Il y a quatre ans, le 22 février 2019, a commencé le Hirak en Algérie par lequel des centaines de milliers de citoyens ont manifesté pour exprimer leur refus de la candidature à un 5èm mandat du président sortants, déjà bien malade avant le 4ème mandat (2014) qui était de trop. La majorité de la population avait perçu le 5ème mandat comme une provocation de la part de décideurs qui semblaient croire que le choix du président ne concerne pas la population.
La spontanéité et la ferveur populaires ont été une réaction pour restaurer, au moins symboliquement, la dignité de l’Etat bafouée par l’image d’un président handicapé, poussé sur une chaise roulante et incapable de parler. Après avoir hésité et menacé au mois de mars, le commandement militaire avait pris la mesure de la détermination des manifestants à s’opposer à la reconduction mécanique d’un cadre faisant office de Chef d’Etat.

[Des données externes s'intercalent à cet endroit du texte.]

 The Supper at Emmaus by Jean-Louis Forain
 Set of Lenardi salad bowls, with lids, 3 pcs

La candidature a été finalement retirée et, le commandement militaire, par la voix du Chef d’Etat-Major, le général Gaïd Salah, a exigé publiquement la démission du président sortant.

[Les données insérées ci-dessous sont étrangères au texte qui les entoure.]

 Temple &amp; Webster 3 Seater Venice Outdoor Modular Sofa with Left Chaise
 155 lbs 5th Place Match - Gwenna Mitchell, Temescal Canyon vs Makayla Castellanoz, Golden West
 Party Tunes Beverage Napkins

Deux sorties de crise étaient sur la table. La première a été que le commandement militaire engage, par civils interposés, des discussions pour une réforme avec les partis et les associations de la société civile en vue d’un retrait graduel des services de sécurité du champ politique.

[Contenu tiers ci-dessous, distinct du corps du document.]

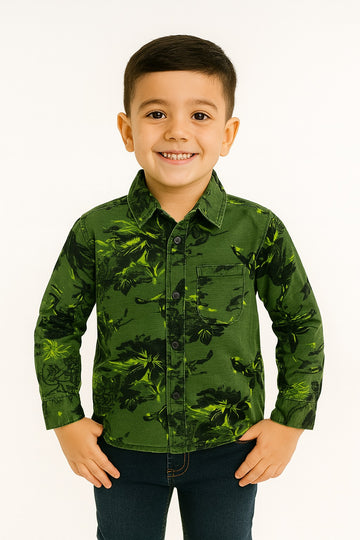Green Grove Print Shirt MH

La seconde était que le commandement militaire renouvelle la façade civile du régime, et demande à l’administration de faire élire un nouveau président dont la légitimité électorale, quel que soit le taux de participation, donnerait une base légale à la répression du mouvement de protestation.
C’est cette dernière solution qui a été choisie par les décideurs qui ont raté l’occasion de mettre fin à la situation créée par le coup d’Etat de l’appareil militaire contre le GPRA en juin 1962.
L’élite militaire ne semblait pas et ne semble pas prête ni culturellement, ni politiquement à se mettre sous l’autorité de dirigeants civils élus issus de scrutins libres. Les militaires ne croient pas en la capacité d’élites civiles élues librement de diriger et de protéger l’Etat. Ils n’arrivent pas à dépasser la situation historique du mouvement national qui a dû militariser la politique pour arracher l’indépendance.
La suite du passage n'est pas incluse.